To do. Write out exactly, with both ends included, the lines that run from the line containing "925 Silver Pendant" to the end of the entries. Pictures are not part of the answer.
START Input material
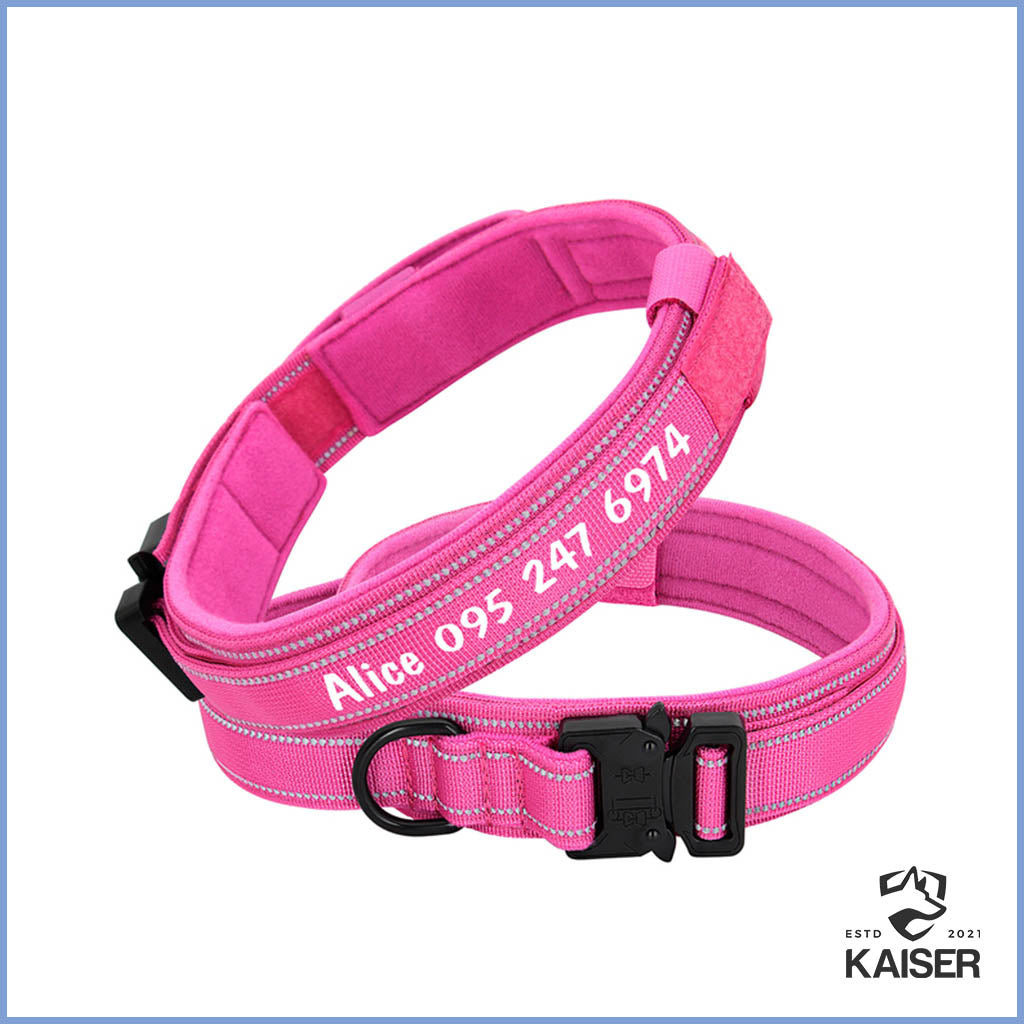 4 cm breites Hundehalsband mit Klickverschluss, D-Ring und Griff, personalisiert mit Namen und Telefonnummer in rosa Farbe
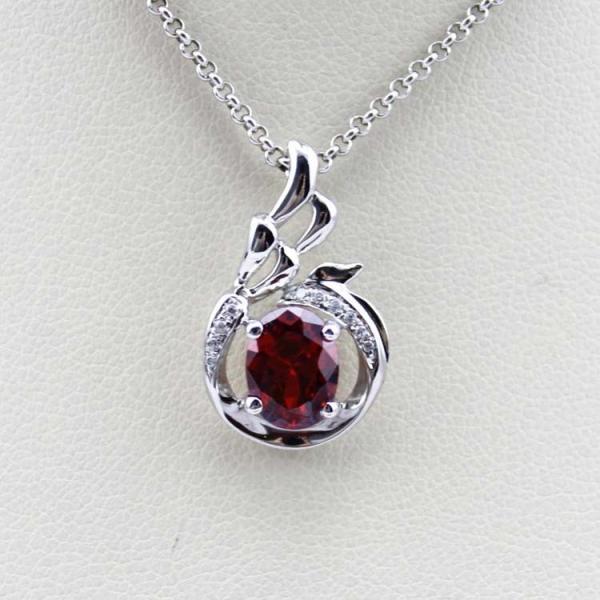 925 Silver Pendant with 6x8mm Oval Green and Clear Cubic Zircon Pendant (PSJ0401)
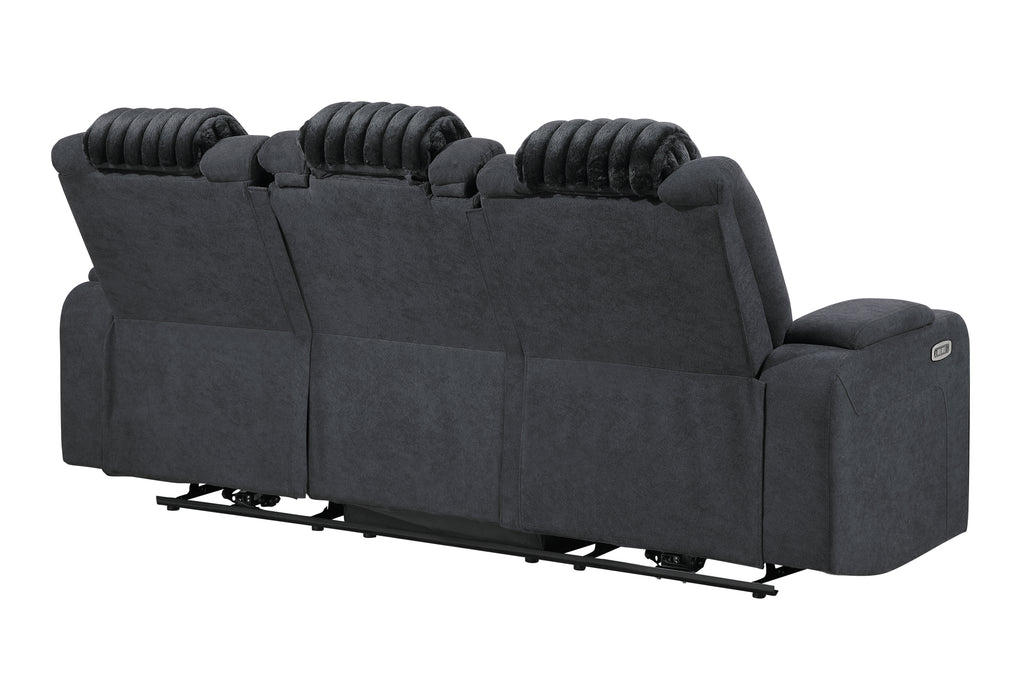 U8000 BLACK PWR REC SOFA W/PHR, DDT, READING LIGHT & LED LIGHT - Pay Less Furniture (NJ)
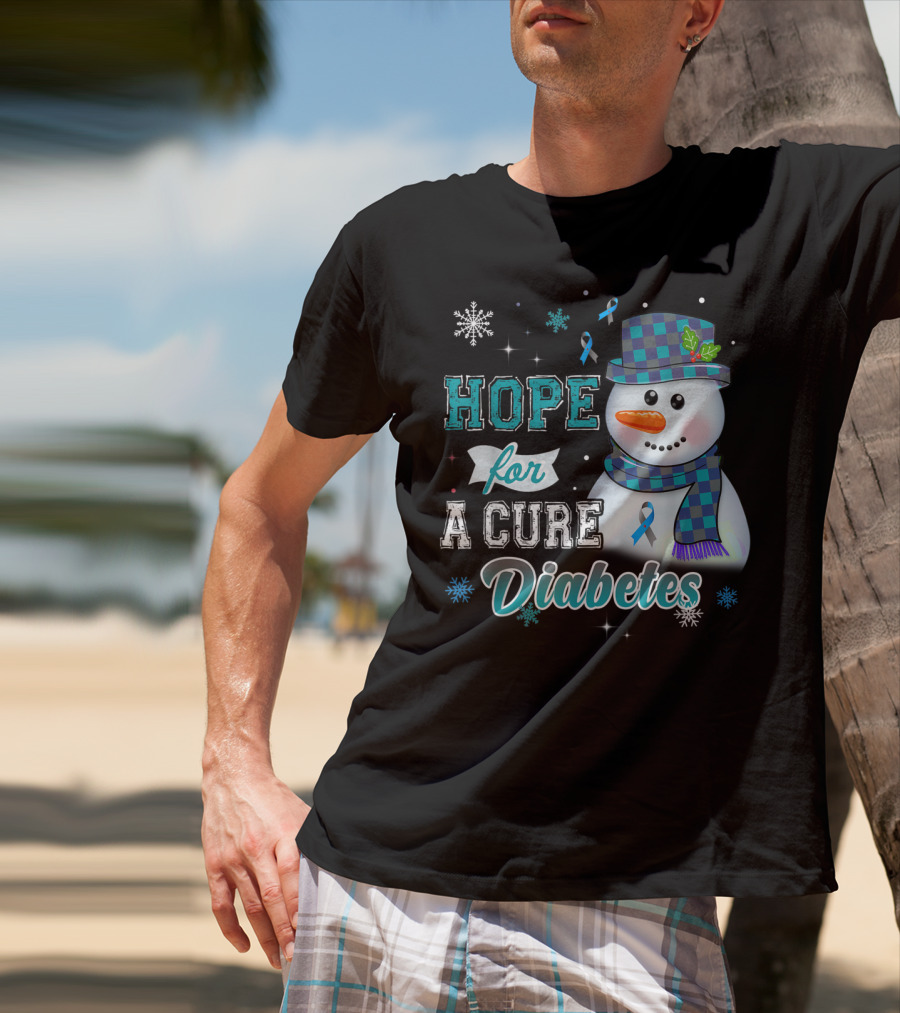 HOPE FOR A CURE DIABETES Snowman T-Shirt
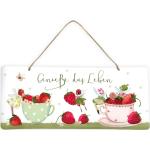 Grätz Blechschild Wanddeko Erdbeere Genieße das Leben ca 15 c 35 cm mit Prägung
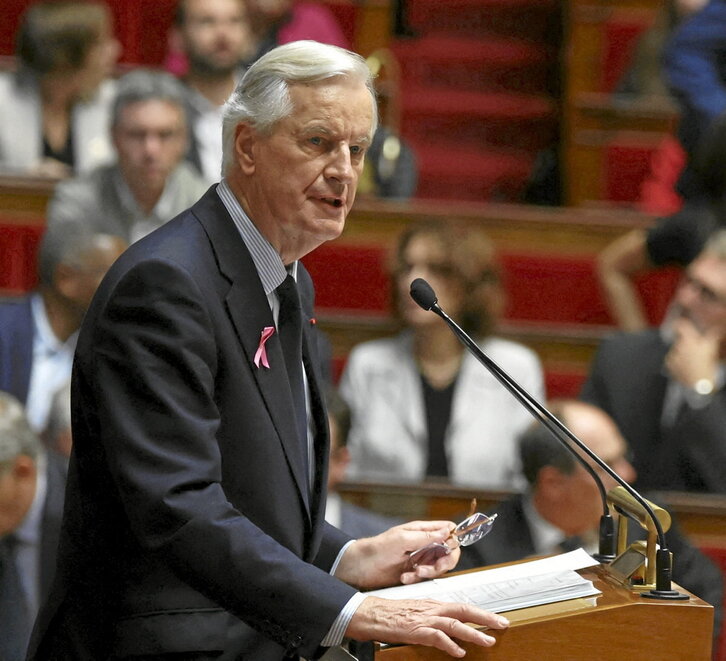 Michel Barnier, durante su intervención ante la Asamblea Nacional francesa.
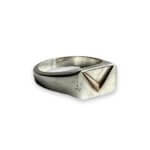 Alternative view of Sterling Silver V Ring with Gold Plated V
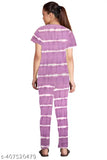 Women's tie dye printed night suit set (pack of 2), polycotton fabric, short sleeve t-shirt and pyjama style co-ords for stylish sleepwear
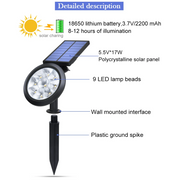 Lampara Reflector Solar De Incrustar Multicolor Led Jardin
END Input material
Written response.
 925 Silver Pendant with 6x8mm Oval Green and Clear Cubic Zircon Pendant (PSJ0401)
 U8000 BLACK PWR REC SOFA W/PHR, DDT, READING LIGHT & LED LIGHT - Pay Less Furniture (NJ)
 HOPE FOR A CURE DIABETES Snowman T-Shirt
 Grätz Blechschild Wanddeko Erdbeere Genieße das Leben ca 15 c 35 cm mit Prägung
 Michel Barnier, durante su intervención ante la Asamblea Nacional francesa.
 Alternative view of Sterling Silver V Ring with Gold Plated V
 Women's tie dye printed night suit set (pack of 2), polycotton fabric, short sleeve t-shirt and pyjama style co-ords for stylish sleepwear
 Lampara Reflector Solar De Incrustar Multicolor Led Jardin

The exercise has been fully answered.